**Your assignment**
Reproduce exactly, leaving out pictures, each line from the one holding "López Obrador busca" through the final line of the listing, and add nothing.

**Recorded information**

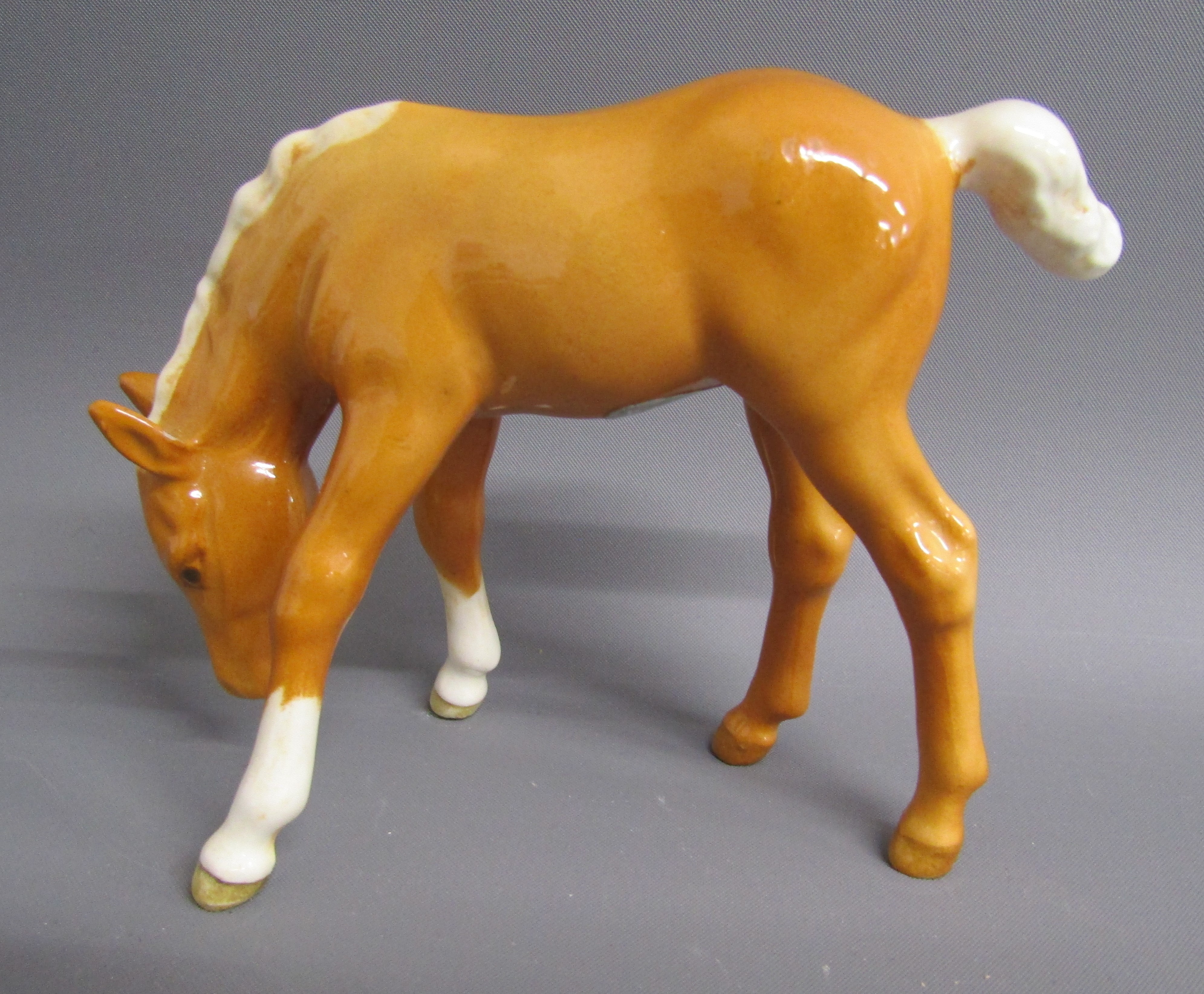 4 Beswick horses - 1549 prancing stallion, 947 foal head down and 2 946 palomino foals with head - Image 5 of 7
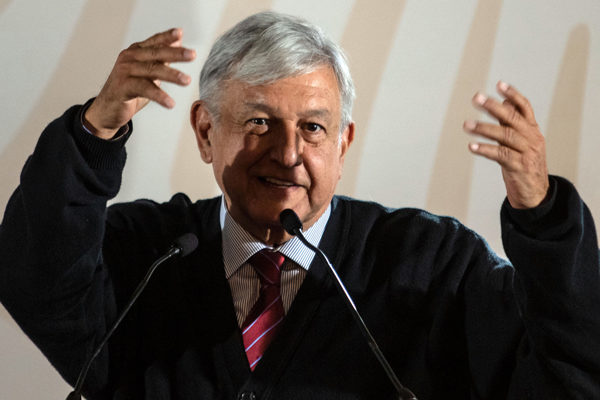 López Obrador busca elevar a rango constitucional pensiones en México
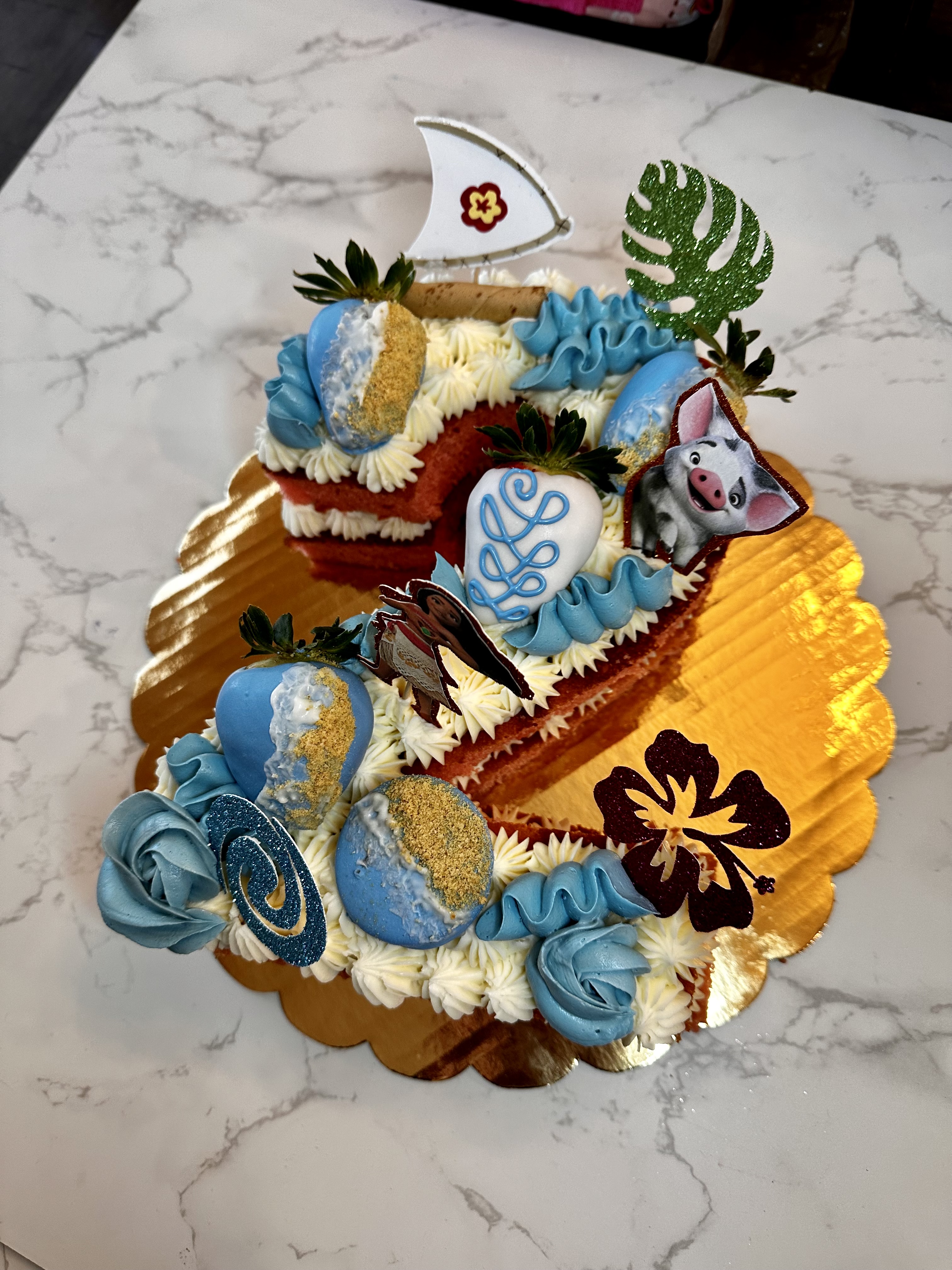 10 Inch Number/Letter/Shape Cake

**Result of the task**
 López Obrador busca elevar a rango constitucional pensiones en México
 10 Inch Number/Letter/Shape Cake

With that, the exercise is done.